Subject: Re: pthread_mutex_unlock (was Re: sched_yield() makes OpenLDAP
	slow)
From: Lee Schermerhorn <lee.schermerhorn@hp.com>
Reply-To: lee.schermerhorn@hp.com
To: Nick Piggin <nickpiggin@yahoo.com.au>,
       linux-kernel <linux-kernel@vger.kernel.org>
Content-Type: text/plain
Organization: LOSL, Nashua
Date: Wed, 01 Feb 2006 12:06:06 -0500
Message-Id: <1138813566.5211.122.camel@localhost.localdomain>
Mime-Version: 1.0
Content-Transfer-Encoding: 7bit
Sender: linux-kernel-owner@vger.kernel.org
Content-Length: 8673
Lines: 172

Hi, Nick, All:

It is with some trepedation that I jump into this already looong thread...

I spent ~6 years as secretary of the Posix.4/.4a [realtime and threads]
working group where we discussed this stuff ad nauseum.  I was also
"technical reviewer" of a few chapters of the .4 drafts [Posix.1a spec].
I only bring this up to point out where my "understanding" of the
"intent" of the spec, such as it is, comes from.  A caveat:  my
involvement was with IEEE/Posix.  The Open Group has adopted the Posix
specs into the SUS and has, rightfully so, imposed additional
interpretation and requirements on it.  E.g., the SUS can require that
certain features that are optional in Posix.
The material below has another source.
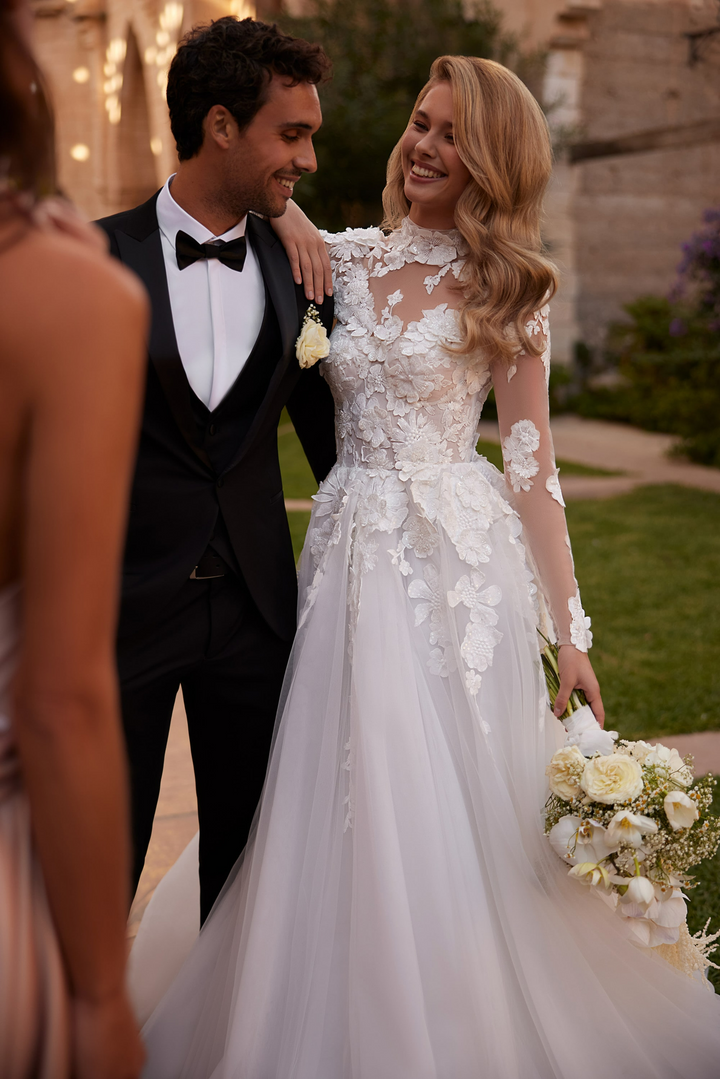 Convertible Wedding Dress - Floral Wedding Dress with Illusion Neckline – Sleeveless Lace Wedding Dress with 3D Appliqué and Tulle Skirt Plus Size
There are ambiguities in the spec.  We tried to avoid these.  One reason
for some of the ambiguities is that this is the best that we could get
the various factions, corporations, ... represented in the working
groups and the balloting groups [not necessarily the same folks] to
agree upon.

The drafts went through a couple of years [maybe longer] of balloting
where folks would object to the wording based on all sorts of real and
imagined scenarios.  Still, when all is said and done, the spec says
what it says.  I've been told that any interpretation that meets the
letter of the specification [and English is notorious for it's
ambiguity, leaving the field wide open, here] is valid, intentions of
the authors notwithstanding.

Also, note that, for Posix, at least, there are 2 parts of the spec:
The main body of the spec--so called "normative" text or mandatory
requirements--and the rationale that attempts to explain some of the
background and, well, rationale.  The rationale is non-normative/non-
binding.

With that background:

[note:  the single '>' indents are from Nick.  I grabbed this from the
archive.  sorry].

>> Back to the scenario:
>> 
>>> A realtime system with tasks A and B, A has an RT scheduling priority of
>>> 1, and B is 2. A and B are both runnable, so A is running. A takes a 
>>> mutex
>>> then sleeps, B runs and ends up blocked on the mutex. A wakes up and at
>>> some point it drops the mutex and then tries to take it again.
>>>
>>> What happens?
>> 
>> 
>> As I understand the spec, A must block because B has acquired the mutex. 
>> Once again, the SUS discussion of priority inheritance would never need 
>> to have been written if this were not the case:
>> 
>>  >>>
>> In a priority-driven environment, a direct use of traditional primitives 
>> like mutexes and condition variables can lead to unbounded priority 
>> inversion, where a higher priority thread can be blocked by a lower 
>> priority thread, or set of threads, for an unbounded duration of time. 
>> As a result, it becomes impossible to guarantee thread deadlines. 
>> Priority inversion can be bounded and minimized by the use of priority 
>> inheritance protocols. This allows thread deadlines to be guaranteed 
>> even in the presence of synchronization requirements.
>> <<<
>> 
>> The very first sentence indicates that a higher priority thread can be 
>> blocked by a lower priority thread. If your interpretation of the spec 
>> were correct, then such an instance would never occur. Since your 
>
>Wrong. It will obviously occur if the lower priority process is able
>to take a lock before a higher priority process.
>
>The situation will not exist in "the scenario" though, if we follow
>my reading of the spec, because *the scheduler* determines the next
>process to gain the mutex. This makes perfect sense to me.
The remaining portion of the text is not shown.